I'm hoping more eyes might have seen some in the past or, in passing, might be able to find some new, old stock. Granted, since this was used on a Blackhawk helicopter, they're may not be a lot of them around and they're may not have been many produced.

Here's what I have.

The original GE bulb: 5000K







The GE Marc 300 EZS. 3500K





The GE Marc 300 EZM. 5500K





The GE Marc 350 EZT. 5000K





How the bulb sits in the light:


----------



## CajunJosh (Oct 17, 2009)

Well BVH looks like it's time for you to buy a NightSun


----------



## BVH (Oct 17, 2009)

Then I'd have to buy a bigger power supply!


----------



## IgNITEor (Oct 17, 2009)

aaahBVH,
I spoke with this fellow back around '91 when a non-working VSS-3 was sitting on my workbench. After rigging all sorts of wiring bypasses to get it to fire I wanted to know if the lamp was even functional.
He said he was capable of replicating the ORC lamp from scratch, but that handling and shipping of my lamp can be dangerous. That was my first "formal" introduction to World of Xenon. oo:

I think this is Steve Alexander's email:
[email protected]

And his company:
www.wolframlights.com

You may have already contacted him. If not, he may be of some help.
Hope you can the get your locator up and running again. I saw one like yours on Ebay a few ago and really had to restrain myself! Had not a dime to spare at the time.


----------



## BVH (Oct 18, 2009)

To everyone.....I'm after more Locators. If anyone sees one and doesn't want it for themselves, Please contact me right away!

IgNITEor, when you say you saw one "a few ago" hopefully, that is not "days" but "years"?

My light runs which I'm happy about but I really, Really want that 5000K color!

Thanks IgNITEor for the Wolf source. I've just emailed Steve. I've also paid a small search fee to Don at Dons Bulbs to see if he can locate some.


----------



## IgNITEor (Oct 18, 2009)

BVH, that was supposed to read a few "years" ago. Dumb typo. 

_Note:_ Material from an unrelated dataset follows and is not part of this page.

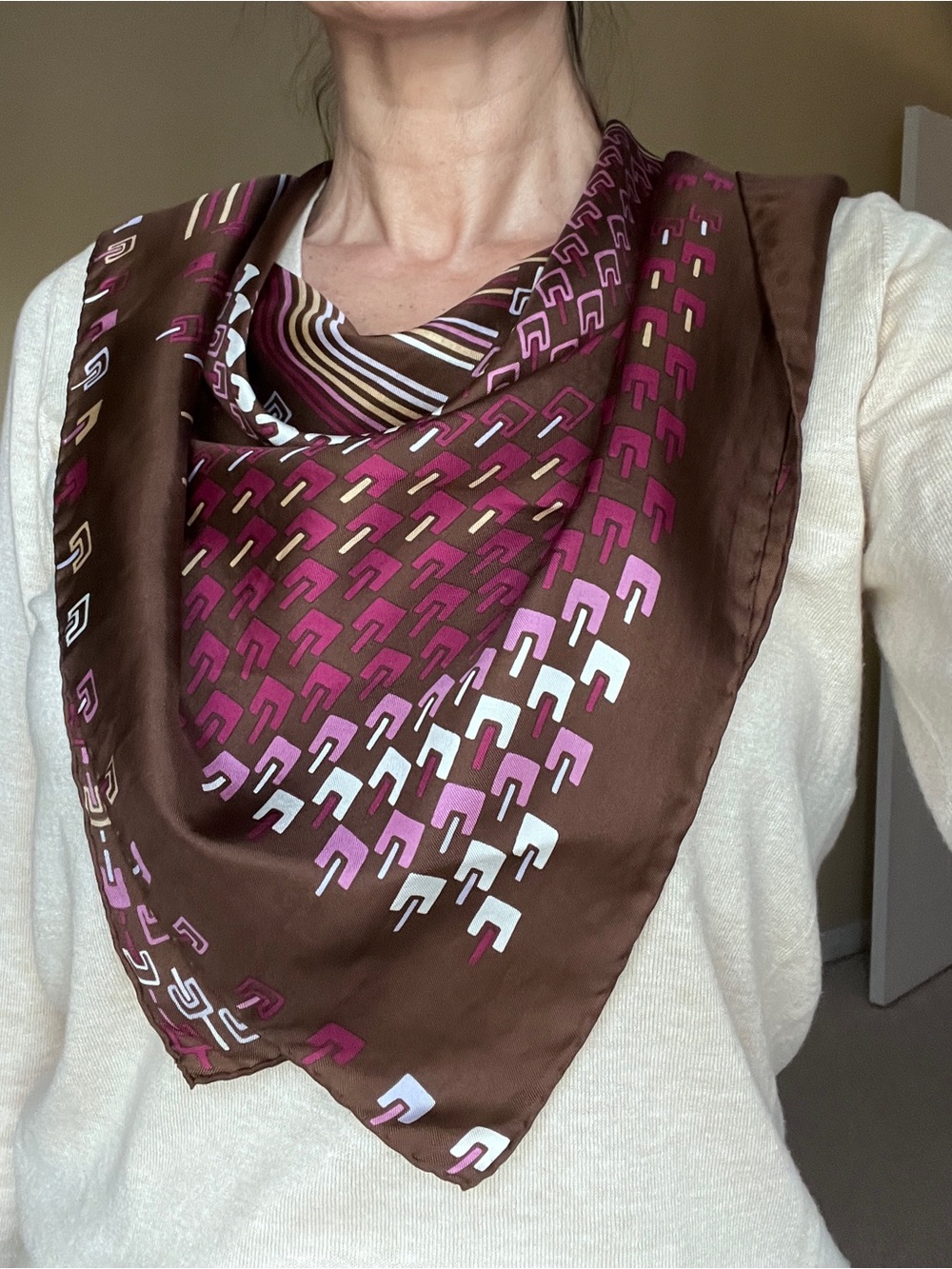 Vintage Adolfo Brown Geometric Silk Scarf Mod Mid Century Pink 26x27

Really irks me that there are a few folks out there just sitting on these lights, pure opportunist's they may be :scowl: Can't imagine _all_ the remaining Locator's are sitting in some depot somewhere?


----------



## BVH (Oct 19, 2009)

My two serial numbers (got lights from two different sources) are both in the 2xx with 2 leading zeros. Someone else looking for bulbs overseas has a 3xx serial number light. I'm beginning to wonder if many of these were made. Might be less than 1000 or 500 even?

Just found a reference to unit 00628 so at least that many were made.


----------